• Problem statement: Nothing but the lines from the one with "Peterbilt 348 Sleepwagens" through the end of the data should be set down, each exactly as written, and no picture should be included.

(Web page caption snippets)
######
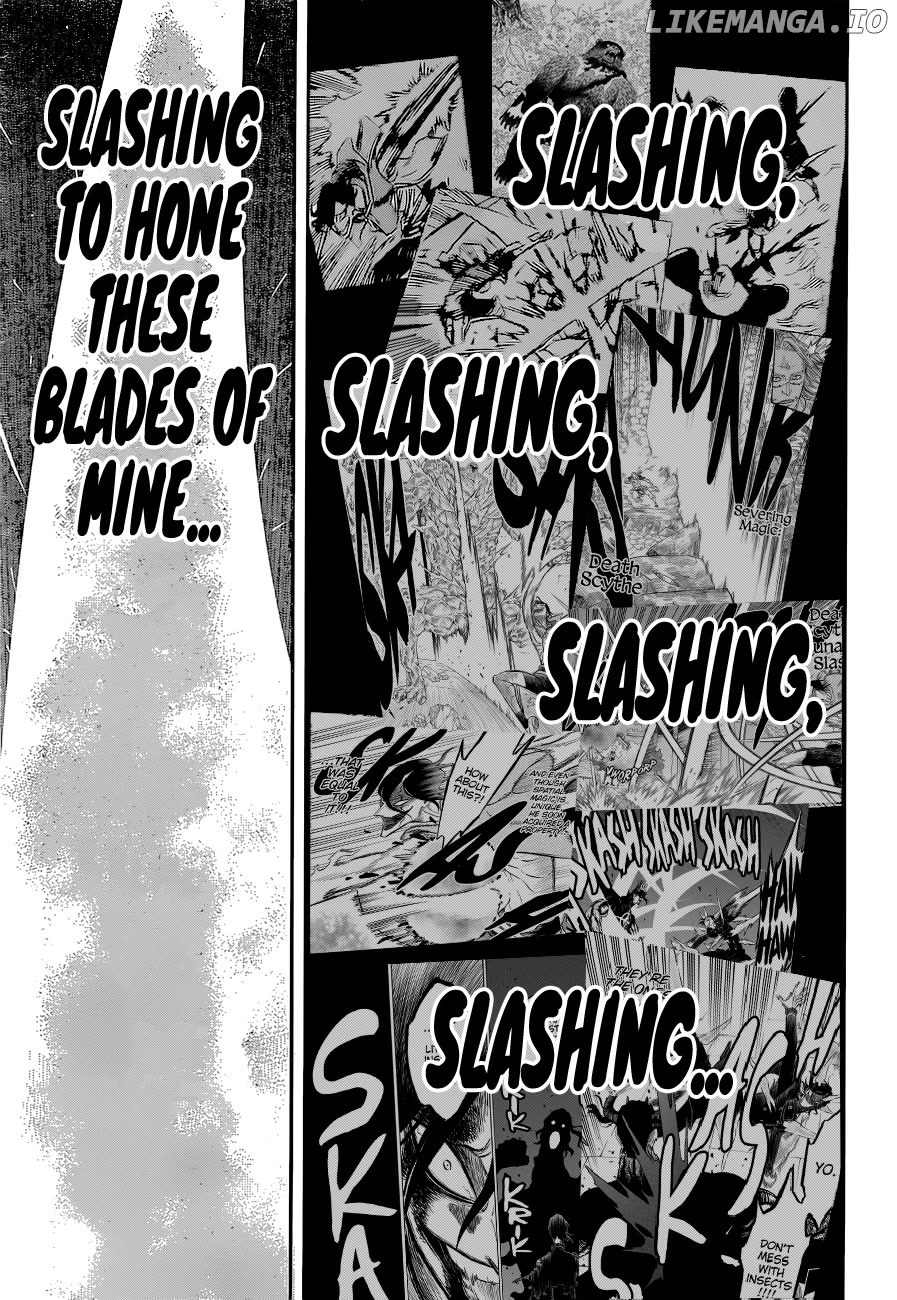 Black Clover chapter 357 image 08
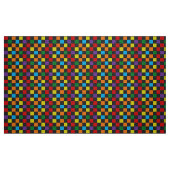 Glitter Pride Gay LGBT Stof (Fat Quarter)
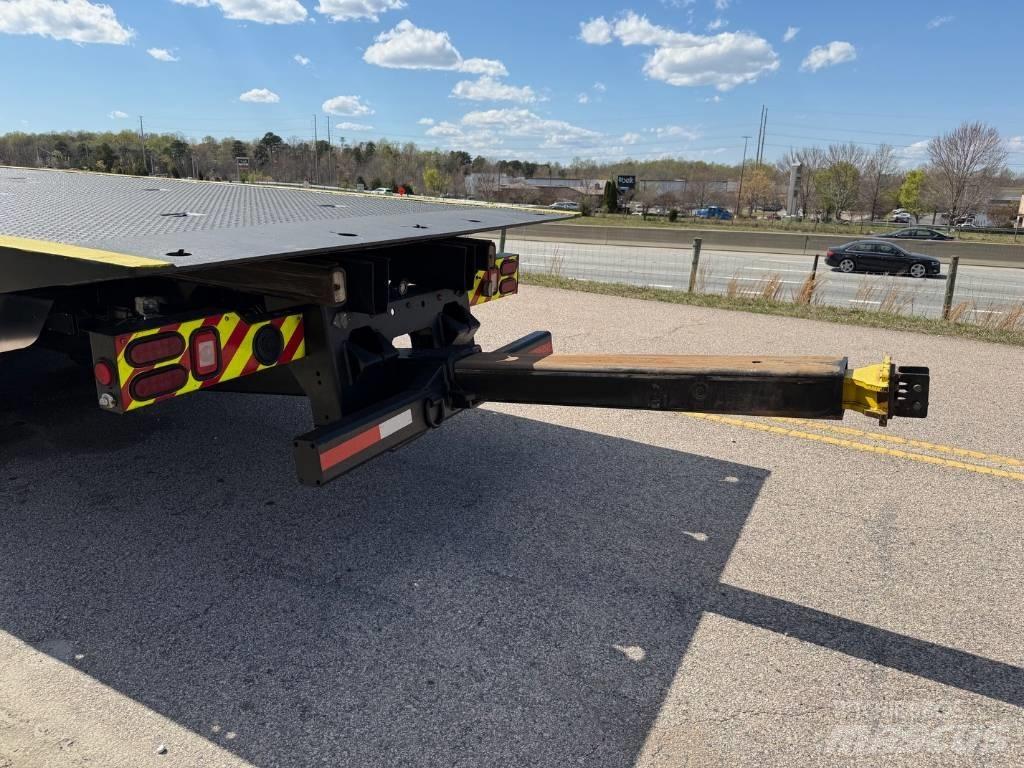 Peterbilt 348 Sleepwagens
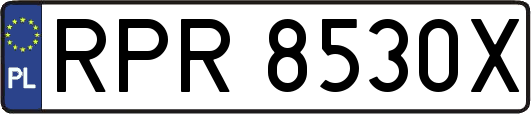 RPR8530X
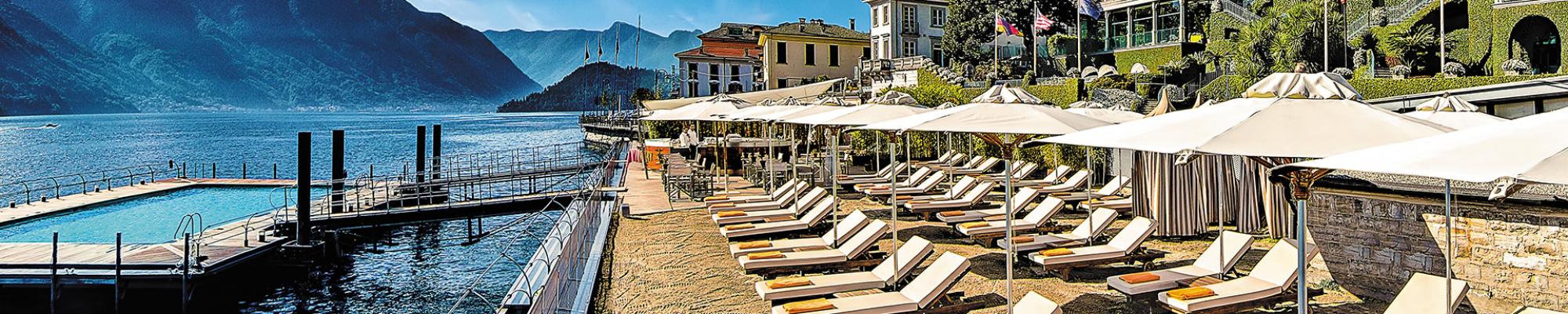 Grand Hotel Tremezzo | Lake Como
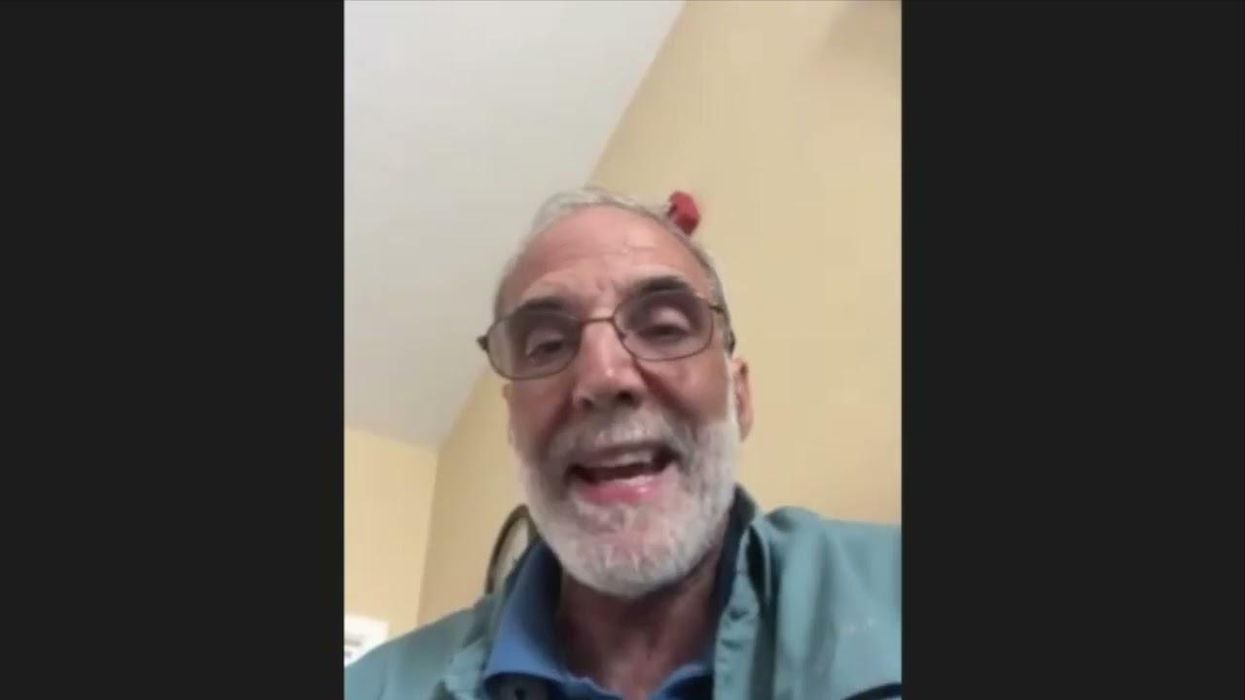 Video: Braving the gun divide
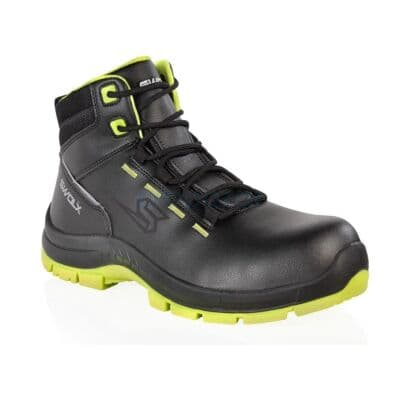 Swolx COMBO-XL 500 S3 Kompozit Burunlu İş Botu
######
• Task answer:
 Peterbilt 348 Sleepwagens
 RPR8530X
 Grand Hotel Tremezzo | Lake Como
 Video: Braving the gun divide
 Swolx COMBO-XL 500 S3 Kompozit Burunlu İş Botu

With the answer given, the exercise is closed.